> **Data provided**:
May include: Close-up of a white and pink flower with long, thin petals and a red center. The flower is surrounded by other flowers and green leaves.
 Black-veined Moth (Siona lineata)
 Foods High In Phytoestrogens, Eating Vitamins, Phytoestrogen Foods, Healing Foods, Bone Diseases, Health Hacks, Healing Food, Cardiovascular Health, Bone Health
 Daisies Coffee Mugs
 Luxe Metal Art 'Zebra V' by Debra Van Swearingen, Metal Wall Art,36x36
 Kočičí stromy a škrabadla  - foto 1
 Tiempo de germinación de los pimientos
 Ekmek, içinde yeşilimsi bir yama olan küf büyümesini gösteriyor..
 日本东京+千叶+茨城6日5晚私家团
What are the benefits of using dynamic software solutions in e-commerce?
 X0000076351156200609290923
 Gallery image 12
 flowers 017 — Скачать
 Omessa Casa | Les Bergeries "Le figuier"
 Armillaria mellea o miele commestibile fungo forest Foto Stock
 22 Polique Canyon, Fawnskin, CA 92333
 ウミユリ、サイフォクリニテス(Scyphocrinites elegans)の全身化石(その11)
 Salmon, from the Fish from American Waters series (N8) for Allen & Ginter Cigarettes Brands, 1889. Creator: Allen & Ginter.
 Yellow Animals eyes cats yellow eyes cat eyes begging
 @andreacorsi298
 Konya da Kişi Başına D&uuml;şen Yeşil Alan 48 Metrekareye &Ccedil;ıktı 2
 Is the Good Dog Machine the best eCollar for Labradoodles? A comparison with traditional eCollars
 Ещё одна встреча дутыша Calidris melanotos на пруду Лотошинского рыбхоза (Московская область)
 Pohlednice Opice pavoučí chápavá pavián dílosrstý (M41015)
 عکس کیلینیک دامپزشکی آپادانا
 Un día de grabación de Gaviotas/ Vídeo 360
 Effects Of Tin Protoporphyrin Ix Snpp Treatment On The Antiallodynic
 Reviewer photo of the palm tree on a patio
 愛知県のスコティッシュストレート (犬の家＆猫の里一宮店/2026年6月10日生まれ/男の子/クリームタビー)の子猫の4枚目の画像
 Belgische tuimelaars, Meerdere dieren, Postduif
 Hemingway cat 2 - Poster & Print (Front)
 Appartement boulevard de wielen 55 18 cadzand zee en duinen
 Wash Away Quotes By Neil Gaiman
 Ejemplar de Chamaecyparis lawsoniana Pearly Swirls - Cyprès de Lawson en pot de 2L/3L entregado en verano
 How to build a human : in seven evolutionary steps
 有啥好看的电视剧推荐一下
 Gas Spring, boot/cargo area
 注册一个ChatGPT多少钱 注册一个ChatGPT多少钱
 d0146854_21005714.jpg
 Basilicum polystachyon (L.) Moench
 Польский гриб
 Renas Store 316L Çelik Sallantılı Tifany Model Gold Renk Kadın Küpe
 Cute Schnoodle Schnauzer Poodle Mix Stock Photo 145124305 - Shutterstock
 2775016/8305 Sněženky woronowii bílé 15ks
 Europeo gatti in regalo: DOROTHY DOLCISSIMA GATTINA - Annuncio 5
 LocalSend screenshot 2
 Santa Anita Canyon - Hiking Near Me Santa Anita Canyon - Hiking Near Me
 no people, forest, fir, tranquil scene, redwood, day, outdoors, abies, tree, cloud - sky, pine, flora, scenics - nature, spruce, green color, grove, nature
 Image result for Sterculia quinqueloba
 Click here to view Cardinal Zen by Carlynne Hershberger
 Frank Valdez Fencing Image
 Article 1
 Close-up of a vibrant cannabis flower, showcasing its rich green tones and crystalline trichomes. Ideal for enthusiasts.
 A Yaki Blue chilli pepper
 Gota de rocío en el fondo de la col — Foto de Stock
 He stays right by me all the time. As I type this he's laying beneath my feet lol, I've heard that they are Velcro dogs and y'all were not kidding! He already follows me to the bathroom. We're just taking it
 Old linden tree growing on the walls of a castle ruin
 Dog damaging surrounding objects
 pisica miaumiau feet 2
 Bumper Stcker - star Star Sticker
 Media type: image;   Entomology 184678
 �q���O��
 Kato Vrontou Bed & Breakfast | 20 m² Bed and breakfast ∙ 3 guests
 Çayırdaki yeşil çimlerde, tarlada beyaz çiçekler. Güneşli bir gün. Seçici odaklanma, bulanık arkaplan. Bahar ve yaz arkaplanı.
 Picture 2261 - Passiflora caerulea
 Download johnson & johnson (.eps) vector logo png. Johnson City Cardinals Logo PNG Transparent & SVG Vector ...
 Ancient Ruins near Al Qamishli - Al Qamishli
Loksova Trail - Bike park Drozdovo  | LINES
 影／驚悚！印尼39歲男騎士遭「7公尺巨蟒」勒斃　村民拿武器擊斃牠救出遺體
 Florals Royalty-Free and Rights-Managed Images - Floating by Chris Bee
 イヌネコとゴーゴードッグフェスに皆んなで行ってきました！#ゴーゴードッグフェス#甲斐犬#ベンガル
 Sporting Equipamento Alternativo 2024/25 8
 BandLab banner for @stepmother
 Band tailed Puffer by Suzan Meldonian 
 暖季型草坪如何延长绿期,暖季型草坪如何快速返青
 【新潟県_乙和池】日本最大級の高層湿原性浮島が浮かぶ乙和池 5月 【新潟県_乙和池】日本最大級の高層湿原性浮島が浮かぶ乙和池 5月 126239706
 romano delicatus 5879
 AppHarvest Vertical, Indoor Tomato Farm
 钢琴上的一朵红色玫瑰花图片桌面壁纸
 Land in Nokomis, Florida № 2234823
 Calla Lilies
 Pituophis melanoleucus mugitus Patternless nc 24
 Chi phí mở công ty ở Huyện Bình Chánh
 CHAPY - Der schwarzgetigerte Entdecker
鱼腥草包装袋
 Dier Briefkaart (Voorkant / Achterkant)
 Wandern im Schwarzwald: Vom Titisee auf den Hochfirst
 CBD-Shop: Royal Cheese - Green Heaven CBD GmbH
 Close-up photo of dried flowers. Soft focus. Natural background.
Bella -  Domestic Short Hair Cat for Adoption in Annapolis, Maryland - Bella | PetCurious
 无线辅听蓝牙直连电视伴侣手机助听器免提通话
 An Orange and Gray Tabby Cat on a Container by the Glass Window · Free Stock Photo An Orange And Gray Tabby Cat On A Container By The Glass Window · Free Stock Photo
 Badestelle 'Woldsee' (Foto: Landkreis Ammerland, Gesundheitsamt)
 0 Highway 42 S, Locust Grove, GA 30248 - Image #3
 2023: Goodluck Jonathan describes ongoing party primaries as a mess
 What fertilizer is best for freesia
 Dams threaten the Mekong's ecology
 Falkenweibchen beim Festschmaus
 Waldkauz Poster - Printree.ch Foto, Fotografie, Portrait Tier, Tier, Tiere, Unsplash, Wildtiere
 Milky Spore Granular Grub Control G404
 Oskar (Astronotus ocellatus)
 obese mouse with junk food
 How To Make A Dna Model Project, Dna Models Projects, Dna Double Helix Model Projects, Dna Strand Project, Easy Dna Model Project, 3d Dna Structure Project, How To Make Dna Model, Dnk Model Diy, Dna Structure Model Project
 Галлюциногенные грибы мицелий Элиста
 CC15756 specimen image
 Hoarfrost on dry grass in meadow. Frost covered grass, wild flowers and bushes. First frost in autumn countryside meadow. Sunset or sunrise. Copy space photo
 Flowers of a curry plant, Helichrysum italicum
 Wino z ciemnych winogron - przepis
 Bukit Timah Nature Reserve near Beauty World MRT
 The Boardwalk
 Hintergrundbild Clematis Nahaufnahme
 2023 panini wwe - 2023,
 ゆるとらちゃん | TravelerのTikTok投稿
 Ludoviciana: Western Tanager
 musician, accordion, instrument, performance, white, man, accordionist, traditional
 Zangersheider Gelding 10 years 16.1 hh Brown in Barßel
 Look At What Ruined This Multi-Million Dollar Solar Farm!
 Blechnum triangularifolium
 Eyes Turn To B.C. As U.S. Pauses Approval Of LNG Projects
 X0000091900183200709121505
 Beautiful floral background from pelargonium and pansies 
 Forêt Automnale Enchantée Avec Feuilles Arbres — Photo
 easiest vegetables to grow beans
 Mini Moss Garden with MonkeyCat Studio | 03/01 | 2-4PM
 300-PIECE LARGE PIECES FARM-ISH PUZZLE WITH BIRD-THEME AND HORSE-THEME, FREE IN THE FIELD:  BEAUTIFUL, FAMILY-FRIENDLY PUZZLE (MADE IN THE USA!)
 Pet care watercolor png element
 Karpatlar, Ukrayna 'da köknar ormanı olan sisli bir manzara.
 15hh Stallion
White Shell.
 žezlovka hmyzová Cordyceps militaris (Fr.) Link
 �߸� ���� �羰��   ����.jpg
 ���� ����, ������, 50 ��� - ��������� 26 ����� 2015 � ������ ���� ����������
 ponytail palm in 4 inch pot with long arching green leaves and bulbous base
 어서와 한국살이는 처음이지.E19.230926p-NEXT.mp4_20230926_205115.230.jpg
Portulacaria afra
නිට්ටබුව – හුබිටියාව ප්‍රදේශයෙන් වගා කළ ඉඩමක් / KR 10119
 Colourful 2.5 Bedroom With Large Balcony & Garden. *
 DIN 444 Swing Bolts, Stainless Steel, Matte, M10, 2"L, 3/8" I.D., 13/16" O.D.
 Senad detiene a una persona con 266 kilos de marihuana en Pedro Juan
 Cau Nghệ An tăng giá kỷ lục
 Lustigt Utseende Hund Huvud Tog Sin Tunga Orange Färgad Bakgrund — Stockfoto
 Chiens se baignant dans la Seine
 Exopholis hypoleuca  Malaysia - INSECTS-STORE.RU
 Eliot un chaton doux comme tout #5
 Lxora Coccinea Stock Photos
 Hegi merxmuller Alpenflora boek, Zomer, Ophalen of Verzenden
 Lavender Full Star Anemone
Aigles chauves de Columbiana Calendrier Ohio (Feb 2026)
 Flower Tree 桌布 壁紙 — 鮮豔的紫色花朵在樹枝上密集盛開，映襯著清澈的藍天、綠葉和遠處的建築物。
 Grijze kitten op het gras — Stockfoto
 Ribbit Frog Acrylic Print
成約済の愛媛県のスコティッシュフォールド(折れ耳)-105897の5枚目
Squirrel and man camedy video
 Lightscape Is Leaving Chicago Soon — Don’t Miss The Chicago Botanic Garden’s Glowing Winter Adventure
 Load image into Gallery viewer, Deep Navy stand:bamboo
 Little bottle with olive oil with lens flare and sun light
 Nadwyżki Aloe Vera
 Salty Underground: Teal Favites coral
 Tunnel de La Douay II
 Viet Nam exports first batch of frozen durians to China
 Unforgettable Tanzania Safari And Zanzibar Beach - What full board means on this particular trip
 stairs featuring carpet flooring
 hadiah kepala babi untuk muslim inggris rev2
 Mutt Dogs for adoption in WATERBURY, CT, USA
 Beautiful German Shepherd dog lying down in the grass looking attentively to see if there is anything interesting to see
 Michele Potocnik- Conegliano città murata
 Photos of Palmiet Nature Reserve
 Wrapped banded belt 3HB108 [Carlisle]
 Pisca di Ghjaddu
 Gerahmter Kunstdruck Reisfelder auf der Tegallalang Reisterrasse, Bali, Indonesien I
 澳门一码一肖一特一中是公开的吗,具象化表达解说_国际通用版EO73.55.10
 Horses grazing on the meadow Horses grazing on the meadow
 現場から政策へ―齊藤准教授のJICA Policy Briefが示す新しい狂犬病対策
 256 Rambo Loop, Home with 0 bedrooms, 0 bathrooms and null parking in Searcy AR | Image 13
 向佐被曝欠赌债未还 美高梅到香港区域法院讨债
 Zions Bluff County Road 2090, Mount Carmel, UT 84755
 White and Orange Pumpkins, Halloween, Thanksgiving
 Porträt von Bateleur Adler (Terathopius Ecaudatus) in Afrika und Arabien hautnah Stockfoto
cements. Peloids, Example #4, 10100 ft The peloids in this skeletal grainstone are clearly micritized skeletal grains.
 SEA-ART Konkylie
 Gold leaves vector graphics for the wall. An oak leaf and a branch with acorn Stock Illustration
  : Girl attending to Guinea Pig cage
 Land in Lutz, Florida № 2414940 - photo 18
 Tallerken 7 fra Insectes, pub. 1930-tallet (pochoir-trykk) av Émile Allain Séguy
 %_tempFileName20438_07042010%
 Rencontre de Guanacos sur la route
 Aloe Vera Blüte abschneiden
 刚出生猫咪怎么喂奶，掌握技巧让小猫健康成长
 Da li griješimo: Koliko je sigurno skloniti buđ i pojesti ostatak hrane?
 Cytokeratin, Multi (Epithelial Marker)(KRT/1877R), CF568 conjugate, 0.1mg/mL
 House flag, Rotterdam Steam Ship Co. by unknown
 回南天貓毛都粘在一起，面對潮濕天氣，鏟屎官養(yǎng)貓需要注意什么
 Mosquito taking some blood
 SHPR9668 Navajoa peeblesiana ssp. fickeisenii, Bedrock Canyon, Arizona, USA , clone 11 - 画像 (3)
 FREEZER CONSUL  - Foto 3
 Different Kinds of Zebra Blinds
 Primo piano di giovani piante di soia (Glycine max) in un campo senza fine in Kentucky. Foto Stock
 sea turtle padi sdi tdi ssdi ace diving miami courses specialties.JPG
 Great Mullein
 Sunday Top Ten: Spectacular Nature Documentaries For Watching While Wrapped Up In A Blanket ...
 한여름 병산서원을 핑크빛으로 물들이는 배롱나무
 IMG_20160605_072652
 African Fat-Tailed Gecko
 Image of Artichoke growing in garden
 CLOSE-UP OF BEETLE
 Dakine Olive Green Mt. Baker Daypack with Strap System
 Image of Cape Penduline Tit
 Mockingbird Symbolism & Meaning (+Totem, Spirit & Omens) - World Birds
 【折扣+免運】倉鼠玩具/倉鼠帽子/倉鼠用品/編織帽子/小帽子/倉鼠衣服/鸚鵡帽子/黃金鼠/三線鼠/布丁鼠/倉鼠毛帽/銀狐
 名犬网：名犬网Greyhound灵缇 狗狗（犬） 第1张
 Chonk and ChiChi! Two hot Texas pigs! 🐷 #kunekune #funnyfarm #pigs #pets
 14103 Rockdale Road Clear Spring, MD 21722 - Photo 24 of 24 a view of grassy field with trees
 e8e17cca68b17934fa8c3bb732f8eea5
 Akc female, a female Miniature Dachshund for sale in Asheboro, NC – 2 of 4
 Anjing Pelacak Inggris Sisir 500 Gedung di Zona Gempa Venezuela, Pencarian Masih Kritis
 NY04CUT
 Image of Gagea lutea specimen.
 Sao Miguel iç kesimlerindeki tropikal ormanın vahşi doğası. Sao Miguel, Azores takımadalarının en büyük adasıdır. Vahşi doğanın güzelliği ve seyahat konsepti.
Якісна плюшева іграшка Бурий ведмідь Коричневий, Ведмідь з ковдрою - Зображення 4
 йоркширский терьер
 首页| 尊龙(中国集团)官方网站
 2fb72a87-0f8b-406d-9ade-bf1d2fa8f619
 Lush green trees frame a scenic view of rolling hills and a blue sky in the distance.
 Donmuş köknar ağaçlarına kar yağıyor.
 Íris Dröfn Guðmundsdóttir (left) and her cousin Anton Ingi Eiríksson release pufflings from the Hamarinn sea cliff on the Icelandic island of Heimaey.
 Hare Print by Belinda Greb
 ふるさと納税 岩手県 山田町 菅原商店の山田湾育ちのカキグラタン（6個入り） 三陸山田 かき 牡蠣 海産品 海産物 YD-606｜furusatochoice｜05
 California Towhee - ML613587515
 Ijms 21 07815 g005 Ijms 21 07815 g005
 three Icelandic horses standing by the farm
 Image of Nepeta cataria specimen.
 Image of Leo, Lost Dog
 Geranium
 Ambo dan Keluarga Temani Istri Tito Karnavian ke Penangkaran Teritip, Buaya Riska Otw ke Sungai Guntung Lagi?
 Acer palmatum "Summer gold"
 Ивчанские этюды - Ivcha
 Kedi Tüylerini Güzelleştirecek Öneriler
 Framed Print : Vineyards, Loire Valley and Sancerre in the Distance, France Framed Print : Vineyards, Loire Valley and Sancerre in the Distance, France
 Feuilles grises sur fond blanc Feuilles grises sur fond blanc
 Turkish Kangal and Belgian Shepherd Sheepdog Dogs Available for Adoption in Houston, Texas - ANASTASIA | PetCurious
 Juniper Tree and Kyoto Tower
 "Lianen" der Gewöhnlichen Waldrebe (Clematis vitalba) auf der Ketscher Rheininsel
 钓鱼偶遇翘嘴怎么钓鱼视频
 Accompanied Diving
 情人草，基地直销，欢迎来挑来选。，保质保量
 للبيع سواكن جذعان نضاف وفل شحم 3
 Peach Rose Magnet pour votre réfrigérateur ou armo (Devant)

> **What is expected**: Everything above from the line containing "Mutt Dogs for adoption in WATERBURY, CT, USA" through the line containing "Rencontre de Guanacos sur la route" must be copied exactly. Nothing outside that range belongs in the answer.

> **Answer to this exercise**:
 Mutt Dogs for adoption in WATERBURY, CT, USA
 Beautiful German Shepherd dog lying down in the grass looking attentively to see if there is anything interesting to see
 Michele Potocnik- Conegliano città murata
 Photos of Palmiet Nature Reserve
 Wrapped banded belt 3HB108 [Carlisle]
 Pisca di Ghjaddu
 Gerahmter Kunstdruck Reisfelder auf der Tegallalang Reisterrasse, Bali, Indonesien I
 澳门一码一肖一特一中是公开的吗,具象化表达解说_国际通用版EO73.55.10
 Horses grazing on the meadow Horses grazing on the meadow
 現場から政策へ―齊藤准教授のJICA Policy Briefが示す新しい狂犬病対策
 256 Rambo Loop, Home with 0 bedrooms, 0 bathrooms and null parking in Searcy AR | Image 13
 向佐被曝欠赌债未还 美高梅到香港区域法院讨债
 Zions Bluff County Road 2090, Mount Carmel, UT 84755
 White and Orange Pumpkins, Halloween, Thanksgiving
 Porträt von Bateleur Adler (Terathopius Ecaudatus) in Afrika und Arabien hautnah Stockfoto
cements. Peloids, Example #4, 10100 ft The peloids in this skeletal grainstone are clearly micritized skeletal grains.
 SEA-ART Konkylie
 Gold leaves vector graphics for the wall. An oak leaf and a branch with acorn Stock Illustration
  : Girl attending to Guinea Pig cage
 Land in Lutz, Florida № 2414940 - photo 18
 Tallerken 7 fra Insectes, pub. 1930-tallet (pochoir-trykk) av Émile Allain Séguy
 %_tempFileName20438_07042010%
 Rencontre de Guanacos sur la route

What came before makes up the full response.